Directions for this task
Repeat the lines from the line with "Tesla Releases Full" to the line with "Pumpkin & Bows Bamboo Set" in the listing below, keeping both end lines and adding nothing.

Excerpted data
⟨

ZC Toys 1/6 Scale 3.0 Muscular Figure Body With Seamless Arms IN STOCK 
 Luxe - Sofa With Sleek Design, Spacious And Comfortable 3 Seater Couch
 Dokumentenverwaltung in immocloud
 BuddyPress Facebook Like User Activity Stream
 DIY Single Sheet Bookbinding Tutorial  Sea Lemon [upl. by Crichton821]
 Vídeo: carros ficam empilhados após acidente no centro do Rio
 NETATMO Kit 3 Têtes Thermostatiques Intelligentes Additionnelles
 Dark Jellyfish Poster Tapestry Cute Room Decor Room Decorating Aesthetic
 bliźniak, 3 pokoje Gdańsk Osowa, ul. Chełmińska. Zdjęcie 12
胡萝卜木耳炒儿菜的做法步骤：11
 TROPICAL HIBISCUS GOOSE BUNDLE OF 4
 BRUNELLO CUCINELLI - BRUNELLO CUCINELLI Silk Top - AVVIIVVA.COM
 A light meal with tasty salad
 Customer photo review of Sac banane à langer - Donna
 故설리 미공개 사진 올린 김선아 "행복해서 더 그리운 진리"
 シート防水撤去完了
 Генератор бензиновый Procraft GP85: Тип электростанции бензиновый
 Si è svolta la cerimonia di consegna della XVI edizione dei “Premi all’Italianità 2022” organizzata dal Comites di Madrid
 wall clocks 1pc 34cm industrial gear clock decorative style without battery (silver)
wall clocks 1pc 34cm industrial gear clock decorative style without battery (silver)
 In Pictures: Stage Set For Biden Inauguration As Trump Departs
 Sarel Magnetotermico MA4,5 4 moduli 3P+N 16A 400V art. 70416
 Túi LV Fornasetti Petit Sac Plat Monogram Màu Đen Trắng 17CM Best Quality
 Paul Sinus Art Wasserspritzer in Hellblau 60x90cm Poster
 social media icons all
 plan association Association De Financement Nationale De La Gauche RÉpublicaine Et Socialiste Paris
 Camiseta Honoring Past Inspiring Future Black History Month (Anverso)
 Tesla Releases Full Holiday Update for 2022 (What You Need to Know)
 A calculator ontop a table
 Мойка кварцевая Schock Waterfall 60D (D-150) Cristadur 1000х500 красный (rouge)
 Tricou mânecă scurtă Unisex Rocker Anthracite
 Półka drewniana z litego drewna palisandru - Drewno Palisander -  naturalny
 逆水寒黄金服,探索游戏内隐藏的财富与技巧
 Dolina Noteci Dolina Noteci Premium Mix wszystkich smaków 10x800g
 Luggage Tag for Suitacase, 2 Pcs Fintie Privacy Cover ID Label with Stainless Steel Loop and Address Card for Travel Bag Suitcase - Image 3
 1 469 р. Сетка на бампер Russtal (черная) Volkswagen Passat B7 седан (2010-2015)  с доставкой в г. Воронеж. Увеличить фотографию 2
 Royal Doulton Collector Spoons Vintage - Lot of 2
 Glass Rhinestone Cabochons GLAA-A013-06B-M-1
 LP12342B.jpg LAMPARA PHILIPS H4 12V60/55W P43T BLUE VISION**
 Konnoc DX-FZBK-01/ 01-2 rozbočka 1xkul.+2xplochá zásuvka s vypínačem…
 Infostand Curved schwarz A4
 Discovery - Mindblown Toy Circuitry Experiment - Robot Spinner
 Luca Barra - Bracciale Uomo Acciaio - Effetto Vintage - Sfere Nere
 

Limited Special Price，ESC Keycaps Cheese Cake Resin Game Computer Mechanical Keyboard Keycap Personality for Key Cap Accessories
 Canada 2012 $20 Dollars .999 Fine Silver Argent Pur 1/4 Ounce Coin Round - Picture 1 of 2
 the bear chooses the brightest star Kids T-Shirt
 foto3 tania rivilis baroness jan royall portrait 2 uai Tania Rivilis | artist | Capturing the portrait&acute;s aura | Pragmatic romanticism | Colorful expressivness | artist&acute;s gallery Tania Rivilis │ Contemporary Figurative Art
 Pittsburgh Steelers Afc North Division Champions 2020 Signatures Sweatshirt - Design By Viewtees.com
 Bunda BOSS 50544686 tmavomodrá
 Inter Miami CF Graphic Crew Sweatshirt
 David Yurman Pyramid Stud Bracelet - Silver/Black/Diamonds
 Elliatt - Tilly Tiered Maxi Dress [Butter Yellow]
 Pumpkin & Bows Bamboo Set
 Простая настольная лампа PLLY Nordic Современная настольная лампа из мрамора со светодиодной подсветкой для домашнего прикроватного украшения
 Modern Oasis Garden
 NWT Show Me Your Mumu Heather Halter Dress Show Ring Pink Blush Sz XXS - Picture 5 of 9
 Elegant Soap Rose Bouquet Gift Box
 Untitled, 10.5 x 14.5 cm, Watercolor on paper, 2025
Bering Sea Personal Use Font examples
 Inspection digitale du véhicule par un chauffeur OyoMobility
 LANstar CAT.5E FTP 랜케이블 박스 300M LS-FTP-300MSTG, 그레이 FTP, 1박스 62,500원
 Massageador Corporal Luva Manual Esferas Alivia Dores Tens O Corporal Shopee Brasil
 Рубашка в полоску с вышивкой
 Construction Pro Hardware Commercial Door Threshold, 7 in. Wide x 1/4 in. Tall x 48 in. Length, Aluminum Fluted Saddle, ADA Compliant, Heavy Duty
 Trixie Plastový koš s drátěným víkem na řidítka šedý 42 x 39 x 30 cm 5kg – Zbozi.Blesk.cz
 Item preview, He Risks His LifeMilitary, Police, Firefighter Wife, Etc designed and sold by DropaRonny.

⟩

Answer to the problem
 Tesla Releases Full Holiday Update for 2022 (What You Need to Know)
 A calculator ontop a table
 Мойка кварцевая Schock Waterfall 60D (D-150) Cristadur 1000х500 красный (rouge)
 Tricou mânecă scurtă Unisex Rocker Anthracite
 Półka drewniana z litego drewna palisandru - Drewno Palisander -  naturalny
 逆水寒黄金服,探索游戏内隐藏的财富与技巧
 Dolina Noteci Dolina Noteci Premium Mix wszystkich smaków 10x800g
 Luggage Tag for Suitacase, 2 Pcs Fintie Privacy Cover ID Label with Stainless Steel Loop and Address Card for Travel Bag Suitcase - Image 3
 1 469 р. Сетка на бампер Russtal (черная) Volkswagen Passat B7 седан (2010-2015)  с доставкой в г. Воронеж. Увеличить фотографию 2
 Royal Doulton Collector Spoons Vintage - Lot of 2
 Glass Rhinestone Cabochons GLAA-A013-06B-M-1
 LP12342B.jpg LAMPARA PHILIPS H4 12V60/55W P43T BLUE VISION**
 Konnoc DX-FZBK-01/ 01-2 rozbočka 1xkul.+2xplochá zásuvka s vypínačem…
 Infostand Curved schwarz A4
 Discovery - Mindblown Toy Circuitry Experiment - Robot Spinner
 Luca Barra - Bracciale Uomo Acciaio - Effetto Vintage - Sfere Nere
 

Limited Special Price，ESC Keycaps Cheese Cake Resin Game Computer Mechanical Keyboard Keycap Personality for Key Cap Accessories
 Canada 2012 $20 Dollars .999 Fine Silver Argent Pur 1/4 Ounce Coin Round - Picture 1 of 2
 the bear chooses the brightest star Kids T-Shirt
 foto3 tania rivilis baroness jan royall portrait 2 uai Tania Rivilis | artist | Capturing the portrait&acute;s aura | Pragmatic romanticism | Colorful expressivness | artist&acute;s gallery Tania Rivilis │ Contemporary Figurative Art
 Pittsburgh Steelers Afc North Division Champions 2020 Signatures Sweatshirt - Design By Viewtees.com
 Bunda BOSS 50544686 tmavomodrá
 Inter Miami CF Graphic Crew Sweatshirt
 David Yurman Pyramid Stud Bracelet - Silver/Black/Diamonds
 Elliatt - Tilly Tiered Maxi Dress [Butter Yellow]
 Pumpkin & Bows Bamboo Set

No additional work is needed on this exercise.